* **WORK TO BE COMPLETED**:
Word for word, output the data, with none of its pictures.

[DATA BELOW]

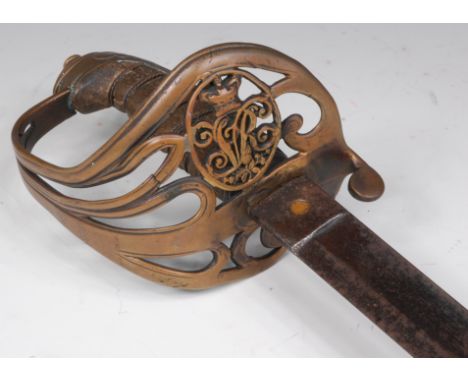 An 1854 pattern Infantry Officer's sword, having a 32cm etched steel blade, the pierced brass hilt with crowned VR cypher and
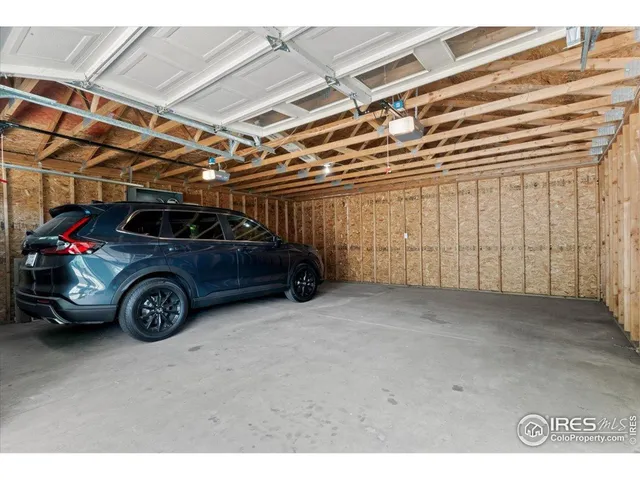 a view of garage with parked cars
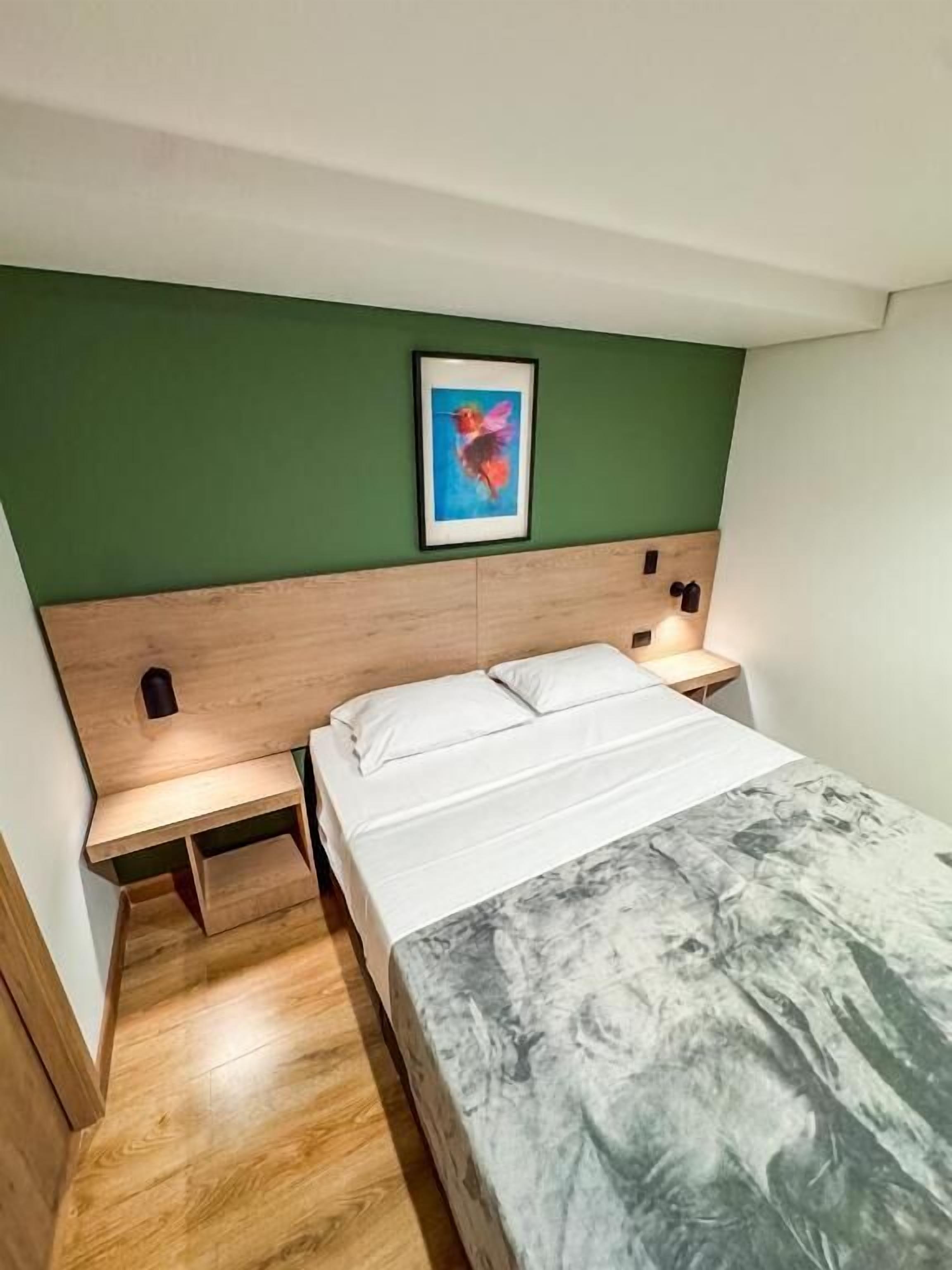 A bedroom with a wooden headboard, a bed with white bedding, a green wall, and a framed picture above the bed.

[/DATA BELOW]

* **RESULT OF THE EXERCISE**:
 An 1854 pattern Infantry Officer's sword, having a 32cm etched steel blade, the pierced brass hilt with crowned VR cypher and
 a view of garage with parked cars
 A bedroom with a wooden headboard, a bed with white bedding, a green wall, and a framed picture above the bed.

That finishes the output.